Similarly, one of the chief virtues of conservatism as opposed to radicalism (even the libertarian kind of radicalism, which I like) is that it recognizes (or at least is supposed to) that the world cannot be remade from scratch just because someone comes up with a fantastic idea for how things “ought to be.” That is not to say — as non-ideological people all too often do — that because some course of action would be a big departure from current practice, it ought not even to be attempted or used as a measure of real-world progress. It just means that to get to There, you have absolutely no choice — none — but to start from Here, no matter how much you despise Here.
So, much that now appears “inevitable” in retrospect — solidified in our minds as it is by post hoc narrative retellings — could have gone quite differently. You might never have met your spouse if you’d gone back for that second drink at the party, despite what the romantics tell you — and the conservative movement, for good or ill, might well have been dominated by the anti-Communist conspiracy theorists of the John Birch Society or the libertarians associated with Ayn Rand had things gone differently in the early 60s, as Buckley reminds us in his novel Getting Things Right, in which the Society, Rand, Buckley himself, and numerous other real-world political figures play roles big and small, held together by the fictional romance of an assistant to Robert Welch (founder of the John Birch Society) and an assistant to Barbara Branden (a member of the Rand circle).
For people uninterested in political history, this novel might just seem like a bunch of odd anecdotes strung together, filled with unfamiliar names.

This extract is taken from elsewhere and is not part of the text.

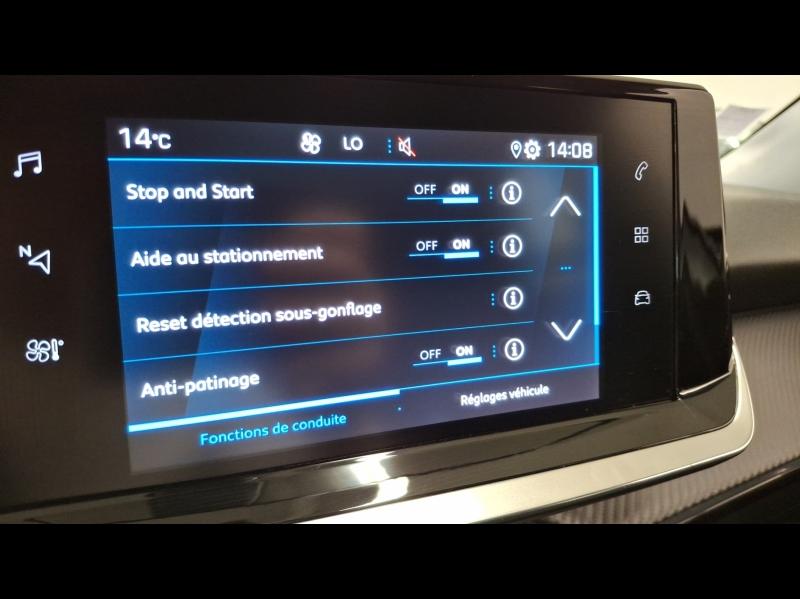 Image PEUGEOT 2008 1.2 PureTech 100ch S&S Allure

For the rest of us, this is ideological crack of the finest quality.
Even if, as is entirely likely, Buckley used a ghostwriter and young researchers more eager than he to dig up details about Rand and company, the novel suggests just how seriously he took his rivals for leadership of the movement. I’ve often heard about Buckley reading the Birchers and Randians out of the movement, but this novel makes clear that was no casual, high-handed, or dismissive move — it was, or certainly seemed at the time, a tactical necessity for holding together the Goldwater campaign coalition, the watershed event that made conservatism the dominant force (it wasn’t always) within the Republican Party.

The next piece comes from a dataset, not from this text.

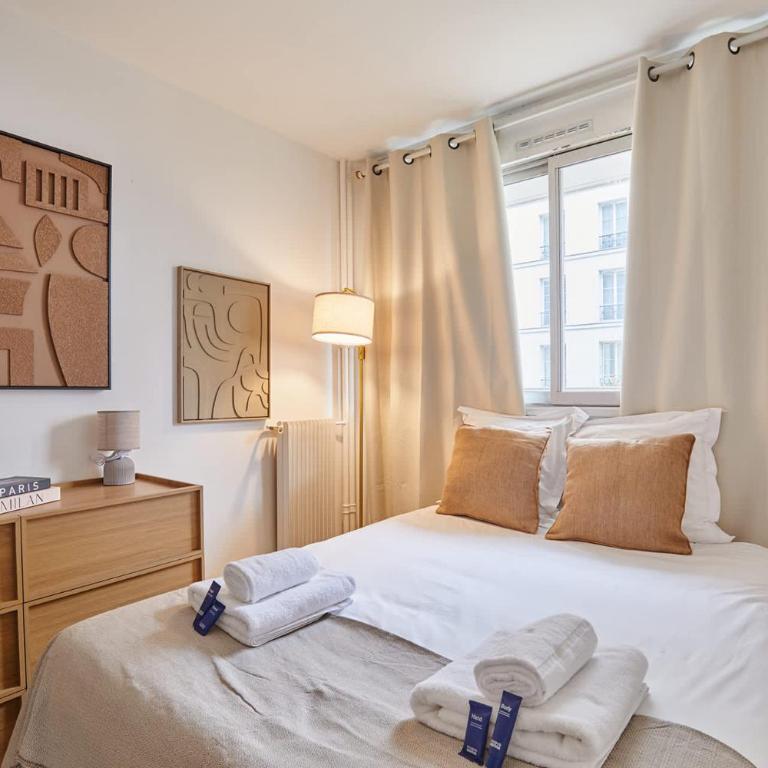 Studio Center of Paris Le Marais - Studio - 5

From the novel, too, one gets the impression that if other conservatives thought they could do without Rand, it wasn’t because they didn’t understand or didn’t care about her radical anti-statism but because at that time, all conservatives took it for granted that the good guys would fight against Communism abroad and creeping socialism at home. Why add Bircher conspiracy theories or divisive anti-altruist atheism to the mix when everyone, in essence, was already a libertarian, more or less?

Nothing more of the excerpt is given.